When I first started thinking about blog posts for this month it seemed like an obvious choice: this would be a great week to write about the psychology of the end of the world. You know, poke a little fun at the 12/21/12 doomsdaying, explore the psychology of how people deal with dire predictions that go unfulfilled, and so forth.
But that was before the horrific elementary school shooting in Newtown, Connecticut last Friday. It’s been hard to think of anything else since then, and writing a snarky it’s-the-end-of-the-world-as-we-know-it piece quickly lost its appeal.
Of course, there is no shortage of psychological questions to ask in the aftermath of Newtown either.
Questions surrounding the abnormal psychology of those who would perpetrate such atrocities. About how best to talk about the shooting with our kids. Concerning the perils of describing such crimes in easy-to-digest dispositional terms (i.e., the acts of an evil person), an oversimplified cop-out that gets us off the hook for more substantive discussions and debate. Or regarding why it takes a singular high-profile event to impact people when the slower trickle of gun deaths of children that have been plaguing particular cities in this country for a while now seemingly has not.
But I can’t really bring myself to write a whole blog post on any of these issues either. I’m spent. Emotionally, intellectually, and otherwise. Reading all that everyone else has written on the topic—and, perhaps even more so, some the unbelievable reader comments that follow—has exhausted me.
And then it dawned on me. Perhaps the two stories, Newtown and the purported end of the world, have more in common than first meets the eye, at least when it comes to the insights they offer regarding human nature.
This realization came as I re-read the opening chapter of When Prophecy Fails, written more 50 years ago by social psychologist Leon Festinger and colleagues. In the book, the researchers document the fascinating story of a group of Midwesterners who gave up most worldly possessions and relationships to prepare for a flood that they believed would end the world on December 21, 1954. The group expected to be rescued beforehand by a ship from outer space, and the book traces the psychological gymnastics the members put themselves through in order to maintain a semblance of sanity as their prophecy goes unfulfilled.

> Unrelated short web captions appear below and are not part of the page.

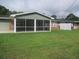 Home exterior showcasing a large screened porch and yard at 3922 Spruce Dr. # 3922, Myrtle Beach, SC 29577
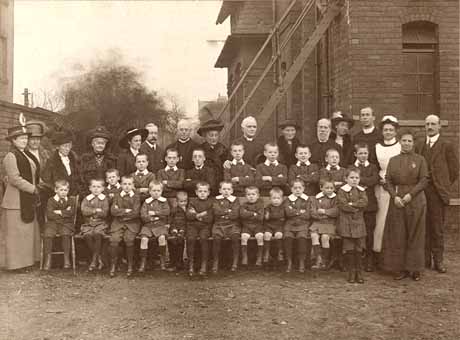 A formal photograph taken at the Home's opening at the new premises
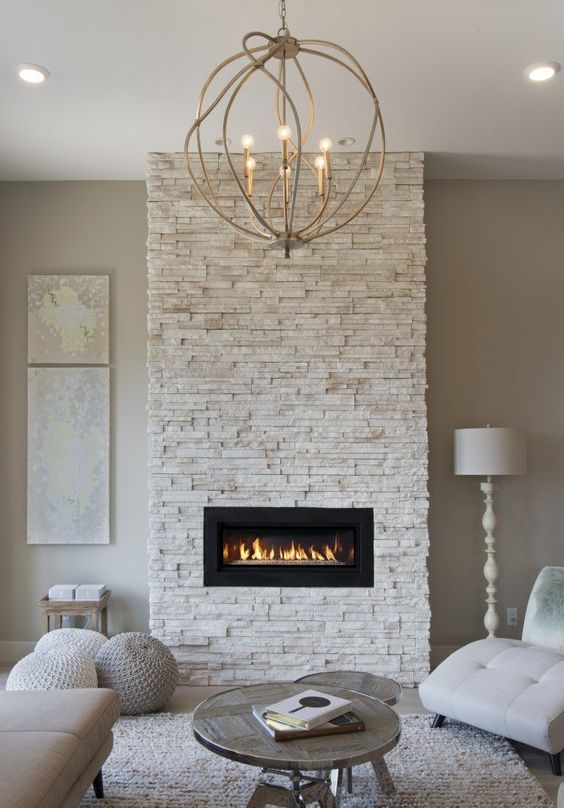 a neutral living room with a built-in faux stone-clad fireplace, neutral seating, coffee tables and a ball chandelier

The book is worth a read in light of the convergence of several new doomsday predictions that supposedly converge on the calendar for tomorrow (or, rather, have been conveniently modified to now suddenly converge on tomorrow). But it’s also an insightful reminder of how we respond to less extraterrestrial events around us.
Here are the book's opening lines:
A man with conviction is a hard man to change. Tell him you disagree and he turns away. Show him facts or figures and he questions your sources. Appeal to logic and he fails to see your point.
We have all experienced the futility of trying to change a strong conviction, especially if the convinced person has some investment in his belief. We are familiar with the variety of ingenious defenses with which people protect their convictions, managing to keep them unscathed through the most devastating attacks.
But man’s resourcefulness goes beyond simply protecting a belief. Suppose an individual believes something with his whole heart; suppose further that he has taken irrevocable actions because of it; finally, suppose that he is presented with evidence, unequivocal and undeniable evidence, that his belief is wrong; what will happen? The individual will frequently emerge, not only unshaken, but even more convinced of the truth of his beliefs than ever before. Indeed, he may even show a new fervor about convincing and converting other people to his view.
It’ll be interesting to see the different ways in which this tendency manifests itself for doomsdayers come sunrise on 12/22/12. But it won’t be all that much different than the ability of other Americans to respond to, say, a graph of developed countries that plots number of guns by number of murders and concludes, ah, I see the problem; we need more guns in our homes, offices, malls, movie theaters, and schools.